REC2 [15] brought a significant evolution: in REC1, each benchmark was specified in the input language of each tool, which was only feasible as the number of tools was small. REC2 introduced, to express its benchmarks, a common language, which we name REC-2008 and which was inspired by the TPDB language used at that time by the Termination Competition (the Confluence Competition uses a similar language). Several tools were adapted to accept this new language REC-2008 as input; for the other tools, translation was done manually.

REC3 [14] pursued in the same vein as REC2, while increasing the number of instances. REC3 also tried to expand the scope of the competition by introducing a separate collection of benchmarks meant for program transformation and expressed in an imperative language named TIL; however, this initiative was left with no follow-through.

REC4 [17], in order to address a larger set of specification and programming languages, introduced a new language REC-2017 derived from REC-2008 with additional restrictions ensuring that benchmarks are deterministic (hence, confluent), terminating, and free from equations between constructors. Consequently, the 3rd and 4th categories (rewriting modulo equations and rewriting modulo strategies) were removed, and the 1st and 2nd categories (unconditional and conditional rewriting) were merged into a single one, as most languages do not make such a distinction. The remaining REC-2008 benchmarks were upgraded to the REC-2017 language, and many new, significantly complex benchmarks were added to the collection. To provide for an objective comparison, scripts were developed to translate REC-2017 specifications to the input languages of all tools under assessment.
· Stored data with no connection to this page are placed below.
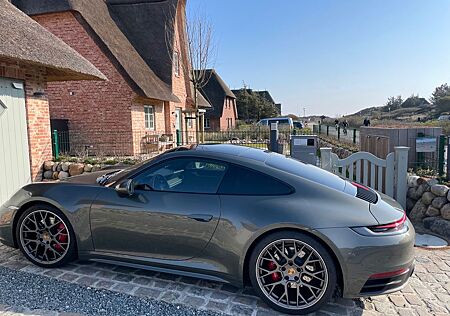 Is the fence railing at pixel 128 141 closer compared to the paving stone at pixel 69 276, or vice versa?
the paving stone at pixel 69 276

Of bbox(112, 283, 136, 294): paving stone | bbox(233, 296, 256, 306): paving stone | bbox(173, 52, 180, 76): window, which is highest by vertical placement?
bbox(173, 52, 180, 76): window

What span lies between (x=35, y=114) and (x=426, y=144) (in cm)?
833

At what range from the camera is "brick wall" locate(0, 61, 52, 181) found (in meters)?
6.81

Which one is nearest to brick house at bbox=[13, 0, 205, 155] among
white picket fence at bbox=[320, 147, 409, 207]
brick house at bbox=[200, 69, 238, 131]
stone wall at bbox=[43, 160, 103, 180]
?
stone wall at bbox=[43, 160, 103, 180]

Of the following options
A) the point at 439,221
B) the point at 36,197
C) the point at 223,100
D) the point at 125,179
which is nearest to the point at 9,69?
the point at 36,197

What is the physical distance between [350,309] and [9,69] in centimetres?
714

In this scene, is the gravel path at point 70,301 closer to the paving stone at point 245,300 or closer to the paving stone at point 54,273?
the paving stone at point 54,273

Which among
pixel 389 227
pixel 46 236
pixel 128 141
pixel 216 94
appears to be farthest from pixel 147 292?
pixel 216 94

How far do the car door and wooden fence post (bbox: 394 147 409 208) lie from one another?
12.1ft

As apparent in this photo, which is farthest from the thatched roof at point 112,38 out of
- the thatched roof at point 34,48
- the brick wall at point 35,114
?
the brick wall at point 35,114

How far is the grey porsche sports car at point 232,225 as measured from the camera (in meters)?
2.70

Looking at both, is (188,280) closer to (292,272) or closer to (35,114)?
(292,272)

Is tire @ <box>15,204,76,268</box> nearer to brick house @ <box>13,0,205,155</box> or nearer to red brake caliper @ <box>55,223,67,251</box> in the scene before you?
red brake caliper @ <box>55,223,67,251</box>

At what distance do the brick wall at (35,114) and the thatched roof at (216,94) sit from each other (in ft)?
77.6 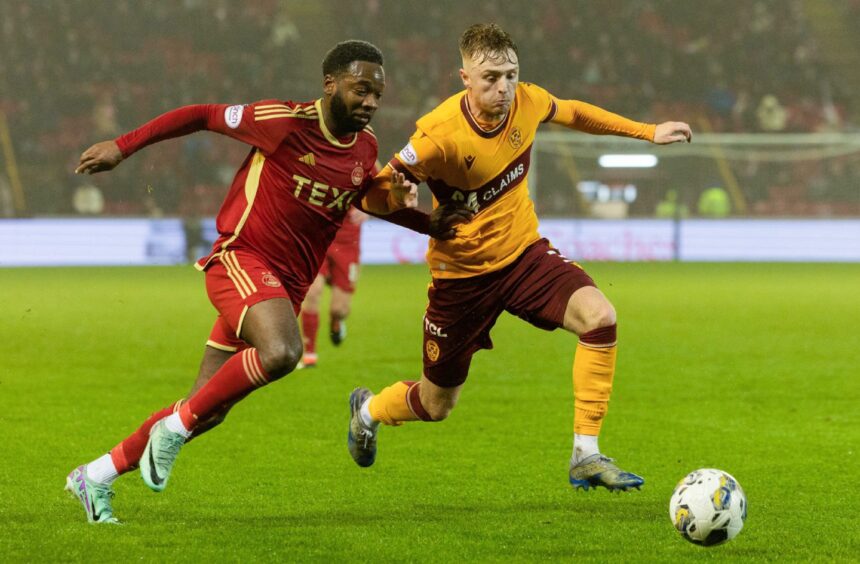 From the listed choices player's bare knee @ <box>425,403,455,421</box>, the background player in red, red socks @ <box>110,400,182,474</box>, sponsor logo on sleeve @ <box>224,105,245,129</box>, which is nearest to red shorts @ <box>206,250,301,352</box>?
red socks @ <box>110,400,182,474</box>

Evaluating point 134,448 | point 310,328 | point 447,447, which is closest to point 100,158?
point 134,448

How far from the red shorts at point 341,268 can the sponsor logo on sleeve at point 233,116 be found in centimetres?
597

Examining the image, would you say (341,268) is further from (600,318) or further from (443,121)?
(600,318)

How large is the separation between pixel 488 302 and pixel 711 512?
1597mm

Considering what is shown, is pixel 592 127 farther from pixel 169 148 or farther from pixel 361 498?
pixel 169 148

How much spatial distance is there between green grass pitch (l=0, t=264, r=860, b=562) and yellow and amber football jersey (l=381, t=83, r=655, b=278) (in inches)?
43.5

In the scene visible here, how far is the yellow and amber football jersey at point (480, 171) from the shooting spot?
5434mm

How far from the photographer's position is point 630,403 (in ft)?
27.8

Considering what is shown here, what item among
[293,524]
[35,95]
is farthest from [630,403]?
[35,95]

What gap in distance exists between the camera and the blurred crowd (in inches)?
1003

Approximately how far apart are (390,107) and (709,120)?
7.51 metres

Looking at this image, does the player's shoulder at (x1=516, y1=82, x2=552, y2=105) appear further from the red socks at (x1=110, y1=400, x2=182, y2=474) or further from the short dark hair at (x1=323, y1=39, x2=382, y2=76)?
the red socks at (x1=110, y1=400, x2=182, y2=474)

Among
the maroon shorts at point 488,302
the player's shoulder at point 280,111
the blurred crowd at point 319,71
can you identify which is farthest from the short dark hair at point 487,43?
the blurred crowd at point 319,71

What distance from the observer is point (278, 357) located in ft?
15.3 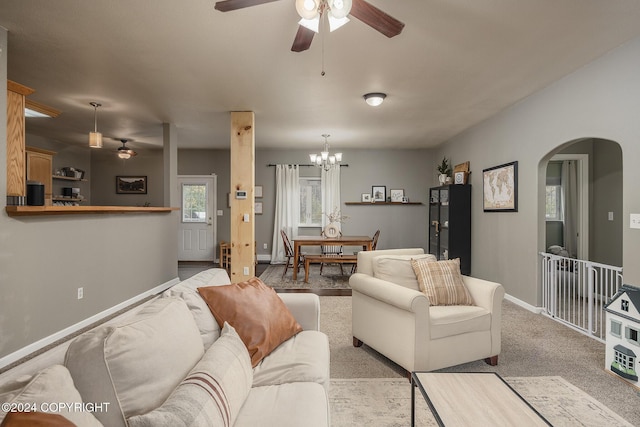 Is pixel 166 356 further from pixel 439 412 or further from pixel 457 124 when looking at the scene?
pixel 457 124

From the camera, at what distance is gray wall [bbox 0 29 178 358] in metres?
2.69

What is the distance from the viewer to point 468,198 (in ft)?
18.4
Table 2 gives a quantitative overview of the evolution of the REC benchmark collection; each cells having the form “\((m)\;n\)” denotes m models and n instances.

Table 2. Benchmarks considered in the Rewrite Engines Competitions

5 Conclusion

Term rewriting is a fundamental topic with many applications, as illustrated by the multiplicity of term-rewriting implementations in compilers and interpreters.

The Rewrite Engines Competitions (REC), the evolutions of which have been reviewed in the present article, stimulate the research interest in this field. One main lesson to be retained from these competitions is that performance of term rewriting significantly differs across implementations: there is room for enhancements and, following the latest REC competition (2018), three developer teams already reported plans to improve their tools to take into account the REC results.

Future REC competitions should address at least two points: (i) more languages should be assessed, inviting recent tools in the competition and keeping in mind that some tools may disappear if they are no longer maintained; (ii) more benchmarks should be considered, which will require dedicated effort to develop new benchmarks, given the lack of large, computationally intensive term rewriting systems freely available on the Web, and the subtle semantic differences that exist between the various flavours of term rewrite systems.